Data records:
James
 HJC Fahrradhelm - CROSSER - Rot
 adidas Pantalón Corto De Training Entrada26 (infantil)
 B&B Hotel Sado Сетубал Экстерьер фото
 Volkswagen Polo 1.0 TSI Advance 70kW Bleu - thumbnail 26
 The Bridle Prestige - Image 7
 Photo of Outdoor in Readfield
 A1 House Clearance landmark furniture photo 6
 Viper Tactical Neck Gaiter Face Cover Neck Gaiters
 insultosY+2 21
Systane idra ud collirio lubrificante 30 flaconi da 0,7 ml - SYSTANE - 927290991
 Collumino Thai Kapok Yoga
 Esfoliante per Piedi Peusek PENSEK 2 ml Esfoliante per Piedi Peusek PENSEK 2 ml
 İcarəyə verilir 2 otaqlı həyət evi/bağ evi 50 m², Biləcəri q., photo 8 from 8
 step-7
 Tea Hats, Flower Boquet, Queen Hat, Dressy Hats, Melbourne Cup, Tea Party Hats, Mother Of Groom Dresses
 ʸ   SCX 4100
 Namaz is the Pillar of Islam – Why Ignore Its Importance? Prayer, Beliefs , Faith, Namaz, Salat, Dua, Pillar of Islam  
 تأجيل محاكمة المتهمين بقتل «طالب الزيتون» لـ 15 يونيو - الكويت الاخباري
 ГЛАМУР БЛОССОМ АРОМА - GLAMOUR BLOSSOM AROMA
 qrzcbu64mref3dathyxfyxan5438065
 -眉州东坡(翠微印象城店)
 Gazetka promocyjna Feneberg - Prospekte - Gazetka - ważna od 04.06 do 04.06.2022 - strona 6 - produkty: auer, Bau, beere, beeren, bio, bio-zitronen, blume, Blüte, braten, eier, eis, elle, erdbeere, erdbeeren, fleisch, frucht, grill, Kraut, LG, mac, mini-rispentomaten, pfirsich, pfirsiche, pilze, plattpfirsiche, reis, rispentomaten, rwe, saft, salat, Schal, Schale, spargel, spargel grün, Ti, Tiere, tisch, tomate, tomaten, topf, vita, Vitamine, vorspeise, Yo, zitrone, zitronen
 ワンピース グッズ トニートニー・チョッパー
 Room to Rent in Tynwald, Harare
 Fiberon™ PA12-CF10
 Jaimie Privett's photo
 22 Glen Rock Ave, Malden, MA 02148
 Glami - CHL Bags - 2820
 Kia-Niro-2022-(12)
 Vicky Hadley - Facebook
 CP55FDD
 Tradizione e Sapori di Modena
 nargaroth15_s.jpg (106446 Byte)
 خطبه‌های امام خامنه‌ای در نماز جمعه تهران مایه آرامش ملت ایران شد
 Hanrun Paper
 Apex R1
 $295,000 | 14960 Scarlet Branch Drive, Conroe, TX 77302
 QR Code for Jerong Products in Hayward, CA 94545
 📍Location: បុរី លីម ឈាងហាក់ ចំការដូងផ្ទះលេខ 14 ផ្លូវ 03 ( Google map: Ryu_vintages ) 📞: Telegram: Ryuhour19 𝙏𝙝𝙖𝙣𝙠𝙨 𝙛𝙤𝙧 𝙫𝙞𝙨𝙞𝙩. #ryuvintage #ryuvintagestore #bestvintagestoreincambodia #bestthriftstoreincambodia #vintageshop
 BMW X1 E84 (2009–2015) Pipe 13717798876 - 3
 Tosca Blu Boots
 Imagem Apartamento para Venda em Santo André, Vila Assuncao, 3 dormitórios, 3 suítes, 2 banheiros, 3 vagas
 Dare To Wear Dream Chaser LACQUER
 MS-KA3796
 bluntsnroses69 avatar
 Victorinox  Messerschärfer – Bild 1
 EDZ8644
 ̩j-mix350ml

* Work instruction *
Extract exactly and only the lines above from the line containing "Conroe, TX 77302" through the line containing "Imagem Apartamento para", both end lines included.

* Exercise output *
 $295,000 | 14960 Scarlet Branch Drive, Conroe, TX 77302
 QR Code for Jerong Products in Hayward, CA 94545
 📍Location: បុរី លីម ឈាងហាក់ ចំការដូងផ្ទះលេខ 14 ផ្លូវ 03 ( Google map: Ryu_vintages ) 📞: Telegram: Ryuhour19 𝙏𝙝𝙖𝙣𝙠𝙨 𝙛𝙤𝙧 𝙫𝙞𝙨𝙞𝙩. #ryuvintage #ryuvintagestore #bestvintagestoreincambodia #bestthriftstoreincambodia #vintageshop
 BMW X1 E84 (2009–2015) Pipe 13717798876 - 3
 Tosca Blu Boots
 Imagem Apartamento para Venda em Santo André, Vila Assuncao, 3 dormitórios, 3 suítes, 2 banheiros, 3 vagas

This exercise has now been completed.